A few years back the Philippine Japanese restaurant market changed for the better with the addition of tonkatsu chains from Japan coming over and opening their branches here. I'd say they were very welcome additions for the foodie demographic.
Some of the big chains are Yabu, Saboten, Maisen, Tonkatsu by Terazawa, and little mom and pop shops with authentic Japanese chefs or Japanese-trained chefs have also opened up their little tonkatsu places all over the PH. Needless to say tonkatsu is one of the many things I get immense pleasure from especially if the quality of the pork is great, the cabbage fresh, and the pickles lovely.
I think Maisen was the latest to open here with THE Ben Chan behind it and their first store opened in the posh Greenbelt location.
One hot summer day when I was running errands and debating where to eat lunch solo, I decided to make myself comfortable at Maisen. I like the coziness of their interiors and the fact that when I was shown to my table, I was immediately offered either hot or cold house tea and a cold towel to refresh myself. I appreciate these little comforts. For me, it speaks about the thoughtfulness of the restaurant.

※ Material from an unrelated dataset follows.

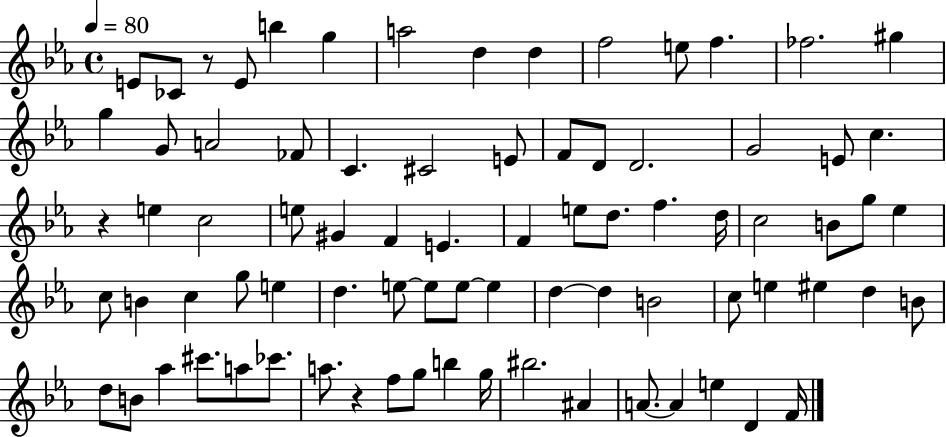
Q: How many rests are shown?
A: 3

I was debating whether to get the Kurobuta tenderloin katsu set or just the plain tenderloin katsu set (which is what I normally get in tonkatsu restaurants) when I saw something interesting in the last few pages - one of Maisen's specials which was a Katsumabushi set. It included tenderloin bite-sized katsus over rice served together with dashi stock, onsen tamago, and a delightful variety of side condiments (sesame seeds, wasabi, and green onions) that I decided to just order it. I usually am quite visual with the food I order so this one caught my eye.
There are also instructions on how you can enjoy the Katsumabushi set so you needn't worry should you decide to try this out on your next tonkatsu craving. I tried to eat it in all the ways they instructed in the menu so I could figure out how I wanted to eat it. You can just eat it however way you want but the best one for me would be to put the rice and katsu piece in the bowl provided, sprinkle sesame seeds, dab a little of the wasabi, put some green onions, then pour the dashi stock on it. This was how I preferred it. One more thing I loved in this set was the Onsen tamago!! This foodie just has a penchant for eggs. ;)
I liked what I had here and I loved that the lunch crowd wasn't in yet so I got to enjoy my katsu in peace. Raring to go back to check out the quality of their other katsu sets to compare with my Yabu, Saboten, and Tonkatsu by Terazawa experience.